Six state-of-the-art linacs

The new building houses six of the most advanced linear accelerators (linacs), which produce patient-specific therapeutic beams. The machines’ unique capabilities deliver these beams with precision, efficiency, and speed – six times faster, in fact, than conventional machines, leading to a substantial decrease of irradiation time for selected tumors. 

The linacs’ treatment couches allow doctors to match a tumor’s position to the therapy beam in six different directions. In addition, each machine is equipped with the most advanced imaging capabilities, enabling CT scans in the treatment room while a patient is in treatment position.
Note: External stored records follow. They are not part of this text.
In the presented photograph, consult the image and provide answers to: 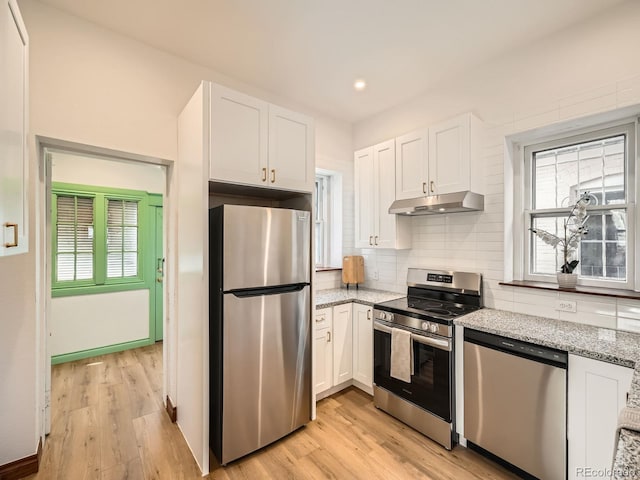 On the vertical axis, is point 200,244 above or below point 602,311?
above

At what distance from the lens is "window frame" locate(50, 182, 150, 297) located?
359cm

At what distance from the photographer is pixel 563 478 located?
1.63 meters

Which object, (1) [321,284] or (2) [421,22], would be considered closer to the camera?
(2) [421,22]

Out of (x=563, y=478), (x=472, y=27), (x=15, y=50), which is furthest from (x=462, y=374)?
(x=15, y=50)

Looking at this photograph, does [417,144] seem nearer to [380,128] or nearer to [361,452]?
[380,128]

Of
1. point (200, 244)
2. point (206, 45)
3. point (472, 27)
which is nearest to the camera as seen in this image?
point (200, 244)

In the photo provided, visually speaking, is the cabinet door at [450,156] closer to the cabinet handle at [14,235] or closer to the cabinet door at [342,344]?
the cabinet door at [342,344]

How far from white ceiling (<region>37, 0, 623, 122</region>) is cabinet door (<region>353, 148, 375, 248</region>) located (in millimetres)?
741

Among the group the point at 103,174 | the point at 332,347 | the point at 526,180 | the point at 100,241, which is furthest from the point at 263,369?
the point at 103,174

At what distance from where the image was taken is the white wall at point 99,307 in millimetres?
3568

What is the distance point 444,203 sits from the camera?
2.34m

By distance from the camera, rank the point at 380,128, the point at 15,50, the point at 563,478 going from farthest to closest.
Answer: the point at 380,128 < the point at 563,478 < the point at 15,50

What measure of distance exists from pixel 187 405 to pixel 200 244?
1225 millimetres

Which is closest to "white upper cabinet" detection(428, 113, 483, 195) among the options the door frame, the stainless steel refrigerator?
the stainless steel refrigerator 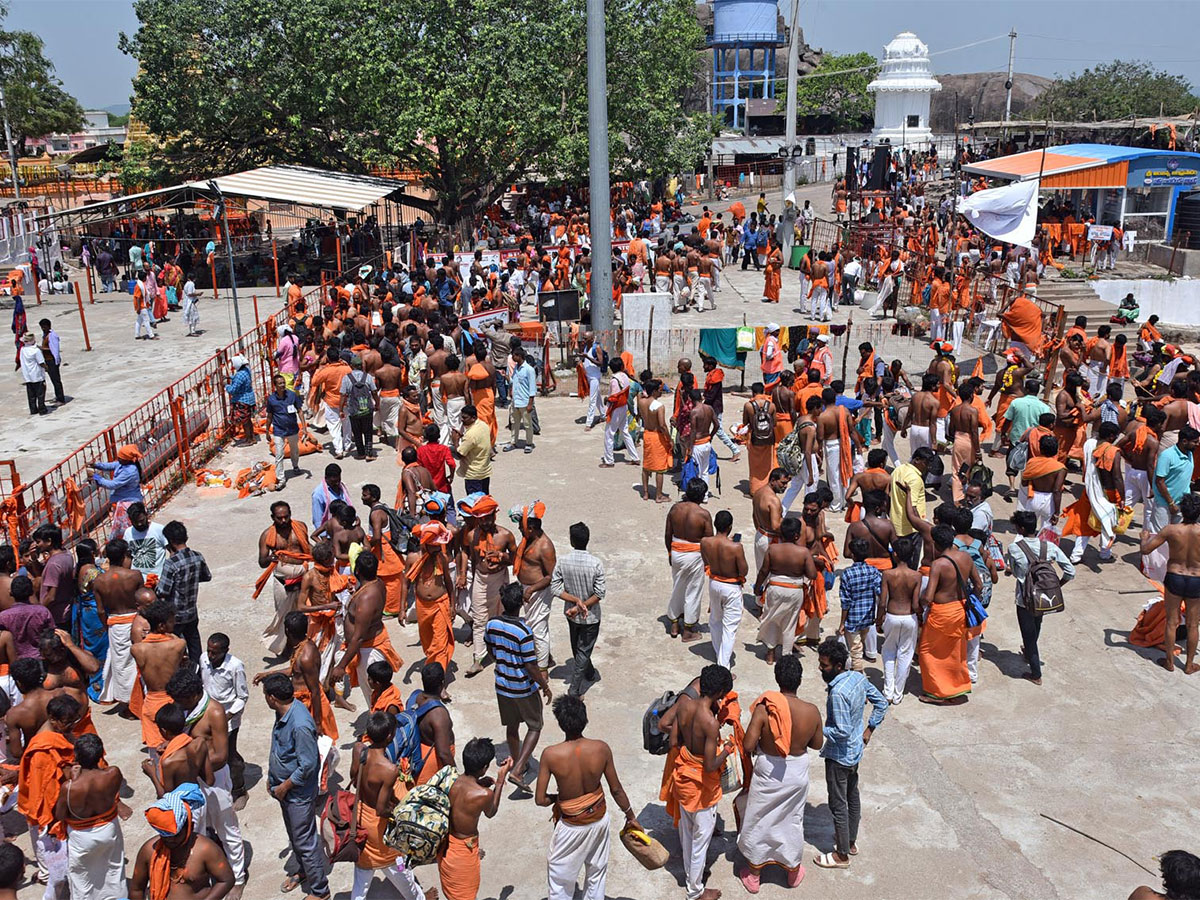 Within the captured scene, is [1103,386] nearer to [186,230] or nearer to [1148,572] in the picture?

Laser surfacing imaging, which interrupts a radiation beam if the patient moves out of position, is another valuable feature. Each machine also is capable of delivering radiation as it rotates around the patient, which offers significant organ-sparing features.

New technology at Zale Lipshy, too

In addition to advanced equipment contained in the new building, the Department of Radiation Oncology has also invested in leading-edge technology housed at Zale Lipshy University Hospital. That includes the first Gamma Knife Icon in Texas. 

For decades, Gamma Knife radiosurgery has been the gold standard for cancer patients with inoperable brain tumors or brain metastases. Until now, Gamma Knife treatment has been a single-day procedure that required the attachment of a head frame to the patient’s skull to prevent movement during treatment.

But now, the Gamma Knife Icon’s new frameless system frees patients from the head constraint and allows multiple treatments over several days. In addition, the Gamma Knife Icon offers an expanded treatment area that includes the face and upper neck along with the brain.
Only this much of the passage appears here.